While the wall calendar may show December as one of the longest months of the year with a chart topping 31 days, all teachers know that the number of full “regular” teaching days that you get in December is almost countable on one hand. Weather-related disruptions and special events seem to be the default in December. This is one reason why I love teaching in December…when everything and everybody else is in a state of constant discombobulation, I find the classroom to be my island of sanity. Once I get into the classroom, the craziness, and disruption that is December disappears. I can focus on the things that really matter…teaching and learning…my passions. Eventually, the period does end and I need to poke my head out into the “real” world and join the rat race, but for those 75 minutes, all is good.

At the risk of adding to one more thing (or 4 perhaps!) to your already full plate, here are this week’s Friday 4 nuggets. Find a quiet place, click on one of the links and pretend that you are in your classroom where you are insulated, at least a little bit, from the outside world.

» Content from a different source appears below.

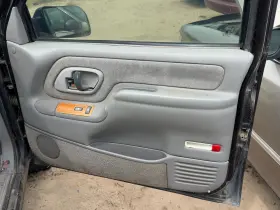 Gm Trucks 15711656 96-99 Silverado 1500 Passenger Right Front Door Trim Panel With Switches Gray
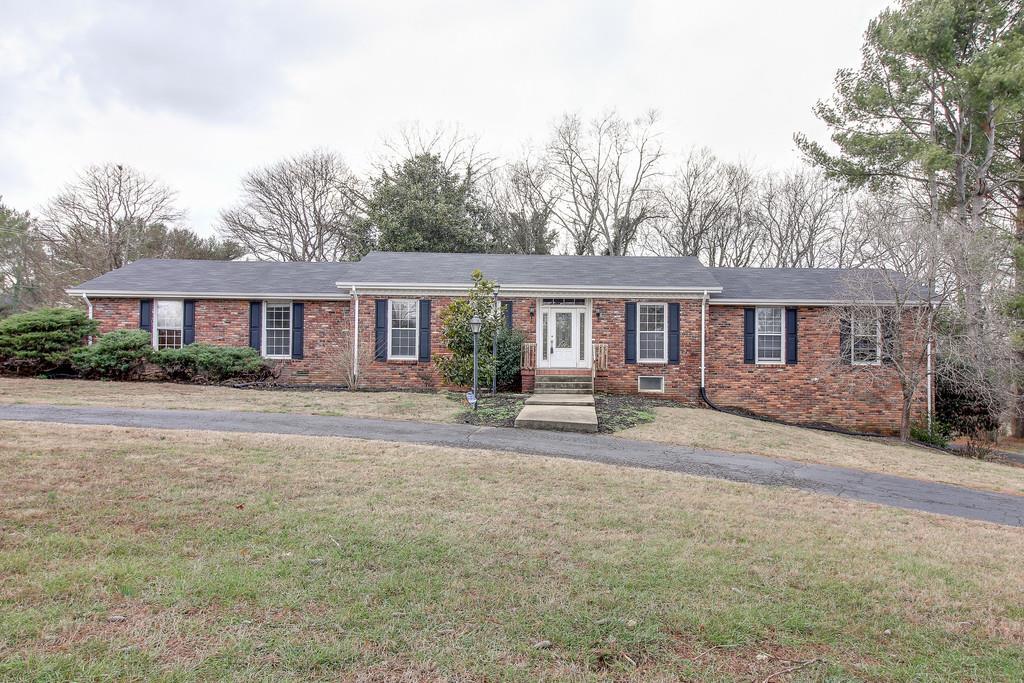 Brentwood Real Estate - Residential for sale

  • Soon after I wrote the piece on retrieval practice (RP) for the Learning and the Brain blog, I ran across yet another reason for intentionally incorporating RP into our courses. The article “Practice testing protects memory against stress” appears on the TuftsNow website and describes a recent study that was published in the journal Science. If you have been at Loomis for more than 3 years, you may recognize a former student in the video clip that accompanies the article!
  • Are your students dragging a bit in the long blocks? Perhaps you are not proving enough “brain breaks” for them during the period. In a recent piece on the Edutopia website, one of my favorite neurologist/teachers, Judy Willis, explains the neuroscience of brain breaks and how to incorporate them into a lesson.
  • Assessment is a particularly germane topic during this stretch of the calendar year as we approach a longer break and many teachers are trying to complete a “unit” before the vacation. 34 Strategies For The Stages Of Assessment: Before, During & After might offer up a few new ideas for how you can effectively plan for and use assessments of and for learning.
  • Most would agree that the ultimate goal of learning is for students to be able to transfer new knowledge and skills to new and different situations without being prompted or being shown how to do “it.” I happened to run across a wonderful blog post from the late Grant Wiggins that does a good job of explaining what transfer is and is not. This piece ties in nicely with the previous one on assessment.

Enjoy this week’s items and your classroom in December!